14. A method for treating arthritis (osteoarthritis and rheumatoid arthritis), inflammatory bowel disease, Crohn's disease, emphysema, acute respiratory distress syndrome, asthma, chronic obstructive pulmonary disease, Alzheimer's disease, organ transplant toxicity and rejection, cachexia, allergy, cancer (such as solid tumor cancer including colon, breast, lung, prostate, brain and hematopoietic malignancies including leukemia and lymphoma), tissue ulcerations, restenosis, periodontal disease, epidermolysis bullosa, osteoporosis, loosening of artificial joints implants, atherosclerosis (including atherosclerotic plaque rupture), aortic aneurysm (including abdominal aortic and brain aortic aneurysm), congestive heart failure, myocardial infarction, stroke, cerebral ischemia, head trauma, spinal cord injury, neurodegenerative diseases (acute and chronic), autoimmune disorders, Huntington's disease, Parkinson's disease, migraine, depression, peripheral neuropathy, pain, cerebral amyloid angiopathy, nootropic or cognition enhancement, amyotrophic lateral sclerosis, multiple sclerosis, ocular angiogenesis, corneal injury, macular degeneration, abnormal wound healing, burns, infertility or diabetic shock comprising administering a therapeutically effective amount of an agent selected from the group consisting of an agonist or antagonist of ADAMTS-SI, a polypeptide of claim 3, and a polynucleotide of claim 1, in combination with a pharmaceutically acceptable carrier.

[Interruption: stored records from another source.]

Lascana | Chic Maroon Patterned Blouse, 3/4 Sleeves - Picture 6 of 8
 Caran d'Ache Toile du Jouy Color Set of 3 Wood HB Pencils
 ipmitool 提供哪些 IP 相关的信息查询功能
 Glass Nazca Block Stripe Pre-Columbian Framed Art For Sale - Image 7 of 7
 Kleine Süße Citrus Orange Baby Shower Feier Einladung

15. A pharmaceutical composition for the treatment of arthritis (osteoarthritis and rheumatoid arthritis), inflammatory bowel disease, Crohn's disease, emphysema, acute respiratory distress syndrome, asthma, chronic obstructive pulmonary disease, Alzheimer's disease, organ transplant toxicity and rejection, cachexia, allergy, cancer (such as solid tumor cancer including colon, breast, lung, prostate, brain and hematopoietic malignancies including leukemia and lymphoma), tissue ulcerations, restenosis, periodontal disease, epidermolysis bullosa, osteoporosis, loosening of artificial joints implants, atherosclerosis (including atherosclerotic plaque rupture), aortic aneurysm (including abdominal aortic and brain aortic aneurysm), congestive heart failure, myocardial infarction, stroke, cerebral ischemia, head trauma, spinal cord injury, neurodegenerative diseases (acute and chronic), autoimmune disorders, Huntington's disease, Parkinson's disease, migraine, depression, peripheral neuropathy, pain, cerebral amyloid angiopathy, nootropic or cognition enhancement, amyotrophic lateral sclerosis, multiple sclerosis, ocular angiogenesis, corneal injury, macular degeneration, abnormal wound healing, burns, infertility or diabetic shock comprising a therapeutically effective amount of an agent selected from the group consisting of an agonist or antagonist of ADAMTS-SI, a polypeptide of claim 3, and a polynucleotide of claim 1, in combination with a pharmaceutically acceptable carrier.